Give the number of lines below with "Villa" in them, leaving out anything else.
DATA SHOWN Block Start
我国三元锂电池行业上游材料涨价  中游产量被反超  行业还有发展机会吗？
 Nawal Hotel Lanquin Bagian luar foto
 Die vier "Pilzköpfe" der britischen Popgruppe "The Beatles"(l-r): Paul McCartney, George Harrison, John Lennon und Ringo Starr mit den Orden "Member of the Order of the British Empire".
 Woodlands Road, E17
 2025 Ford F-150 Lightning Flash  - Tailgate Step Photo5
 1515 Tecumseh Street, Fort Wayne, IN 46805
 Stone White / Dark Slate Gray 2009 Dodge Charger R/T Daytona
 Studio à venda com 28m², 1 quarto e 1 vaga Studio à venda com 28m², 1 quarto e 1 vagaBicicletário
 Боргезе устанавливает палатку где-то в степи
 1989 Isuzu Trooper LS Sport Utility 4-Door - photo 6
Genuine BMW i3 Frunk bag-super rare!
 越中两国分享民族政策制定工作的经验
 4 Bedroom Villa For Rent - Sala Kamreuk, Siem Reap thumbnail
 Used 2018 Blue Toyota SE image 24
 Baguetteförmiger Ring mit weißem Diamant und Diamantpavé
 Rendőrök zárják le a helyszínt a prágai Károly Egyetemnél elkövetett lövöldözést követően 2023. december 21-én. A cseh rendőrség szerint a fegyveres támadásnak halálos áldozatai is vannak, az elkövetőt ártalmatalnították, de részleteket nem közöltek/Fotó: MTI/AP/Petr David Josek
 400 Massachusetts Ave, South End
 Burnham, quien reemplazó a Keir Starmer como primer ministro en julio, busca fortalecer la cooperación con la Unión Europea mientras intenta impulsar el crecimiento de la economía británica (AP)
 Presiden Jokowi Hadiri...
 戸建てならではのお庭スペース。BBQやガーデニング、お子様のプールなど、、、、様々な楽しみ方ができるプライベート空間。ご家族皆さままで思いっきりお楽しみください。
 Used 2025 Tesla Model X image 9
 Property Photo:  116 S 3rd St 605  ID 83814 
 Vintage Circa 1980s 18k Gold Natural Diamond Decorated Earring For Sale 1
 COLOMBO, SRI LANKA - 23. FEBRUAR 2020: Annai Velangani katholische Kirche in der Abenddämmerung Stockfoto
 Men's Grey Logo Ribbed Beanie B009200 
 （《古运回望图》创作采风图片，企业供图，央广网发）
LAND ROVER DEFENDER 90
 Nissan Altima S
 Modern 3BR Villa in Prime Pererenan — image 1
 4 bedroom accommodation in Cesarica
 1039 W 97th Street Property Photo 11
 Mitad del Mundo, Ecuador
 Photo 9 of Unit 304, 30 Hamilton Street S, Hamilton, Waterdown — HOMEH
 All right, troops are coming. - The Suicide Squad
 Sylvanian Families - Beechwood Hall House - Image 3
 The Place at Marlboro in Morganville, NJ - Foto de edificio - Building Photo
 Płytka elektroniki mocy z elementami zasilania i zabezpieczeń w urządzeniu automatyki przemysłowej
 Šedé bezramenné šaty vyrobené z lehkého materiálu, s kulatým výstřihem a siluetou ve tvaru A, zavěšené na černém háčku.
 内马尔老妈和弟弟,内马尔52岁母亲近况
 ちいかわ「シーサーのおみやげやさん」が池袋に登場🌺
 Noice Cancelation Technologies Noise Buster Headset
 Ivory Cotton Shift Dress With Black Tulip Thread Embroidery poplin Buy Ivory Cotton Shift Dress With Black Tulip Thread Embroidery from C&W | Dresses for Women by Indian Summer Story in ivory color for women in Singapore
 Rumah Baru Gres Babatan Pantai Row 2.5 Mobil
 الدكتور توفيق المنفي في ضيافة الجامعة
DATA SHOWN Block End
ANSWER BELOW. 2